Cronaca Ragusa

Ragusa piazza della droga. Il rapporto della DIA, i clan del territorio

I dati resi noti dal Senato

Ragusa – E’ stato reso noto dal Senato il secondo rapporto semestrale per il 2016 sull’attività svolta dalla DIA, la Direzione Investigativa Antimafia. Nel documento è stato analizzato l’andamento del fenomeno della criminalità organizzata in Sicilia, ma anche nel resto d’Italia e all’estero. Naturalmente, è stato analizzato il fenomeno mafioso anche per la provincia di Ragusa che risulta un territorio particolarmente fiorente per il traffico internazionale di droga.

Dall’analisi dei dati, infatti, è possibile dedurre che la provincia di Ragusa viene utilizzata come terreno per favorire il mercato illegale degli stupefacenti. Per quanto riguarda le cosche mafiose, sono riconducibili alla Stidda Gelese, soprattutto nei comuni di Vittoria, Comiso, Acate e Scicli, costituite da esponenti del gruppo “Dominante-Carbonaro”.

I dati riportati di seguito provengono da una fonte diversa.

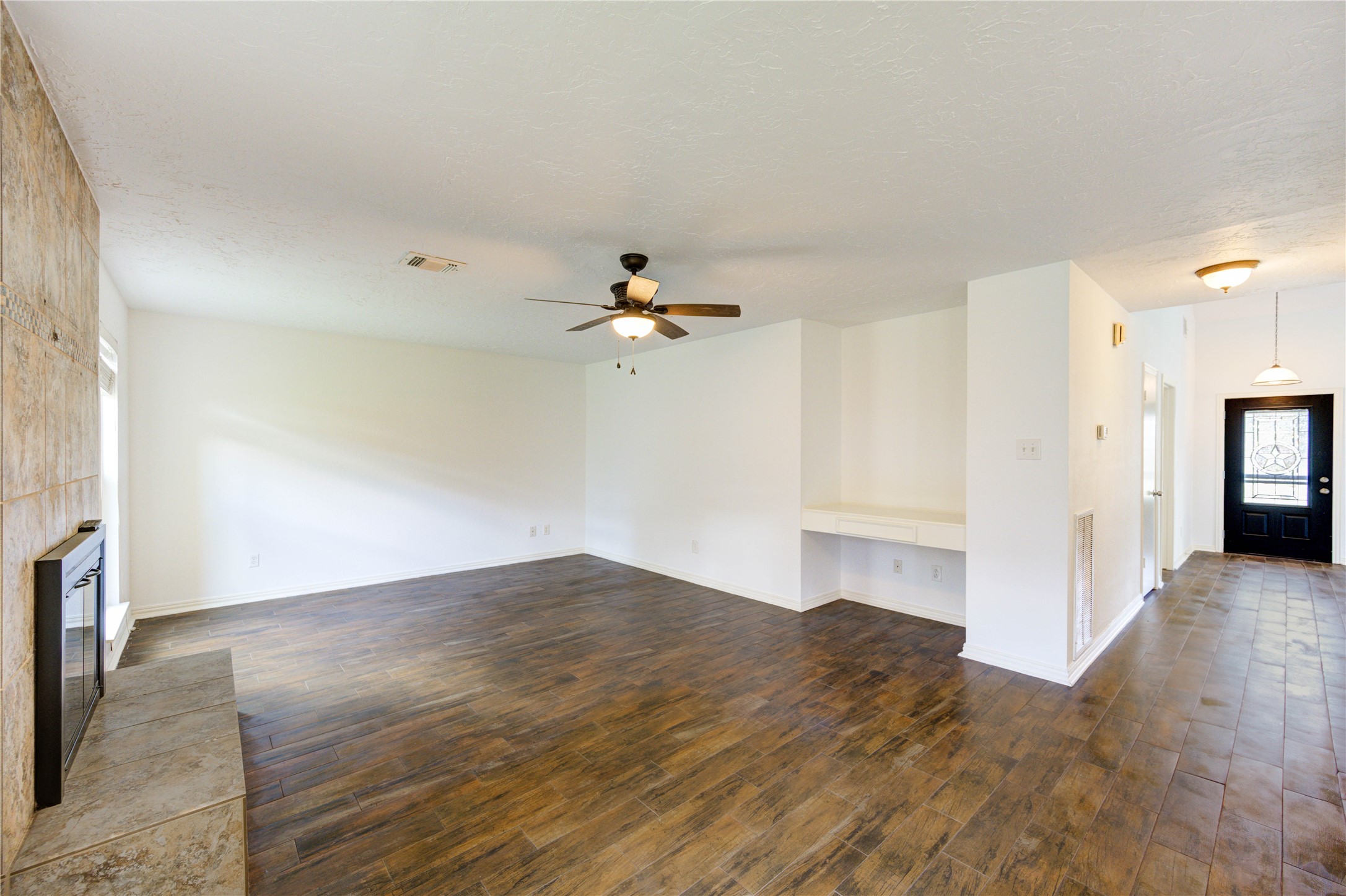 3639 Fir Forest Drive Spring, TX 77388 - Photo 16 of 44 a view of a kitchen with wooden floor a ceiling fan and a window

I clan sono così dislocati sui territorio: i Piscopo su Vittoria, Comiso e Acate, (affiliati a Cosa Nostra) si contendono il potere con i Dominante-Carbonaro (anche loro su Vittoria, Comiso e Acate, affiliati alla Stidda). A Scicli, invece, dominano i Mormina, affiliati alla famiglia Mazzei di Catania.

Al clan Dominante-Carbonaro, si contrappone quello dei Piscopo, legati alla famiglia mafiosa nissena degli Emmanuello, rappresentata però da pochi elementi. A novembre 2016, proprio nei confronti di un elemento affiliato al clan Dominante, la DIA di Catania ha eseguito il sequestro (era il 21 novembre 2016) di un immobile del valore di oltre 100 mila euro.

Il soggetto, oltre a praticare estorsioni, imponeva alle ditte del mercato ortofrutticolo di Vittoria l’acquisto di casette e prodotti per l’imballaggio confezionati dalle proprie aziende. Oltre a queste forme di estorsione e usura, rimane davvero consistente il traffico di droga e lo spaccio di stupefacenti, perpetrati in tutta la provincia grazie a soggetti di altra nazionalità, in particolare albanesi e nordafricani.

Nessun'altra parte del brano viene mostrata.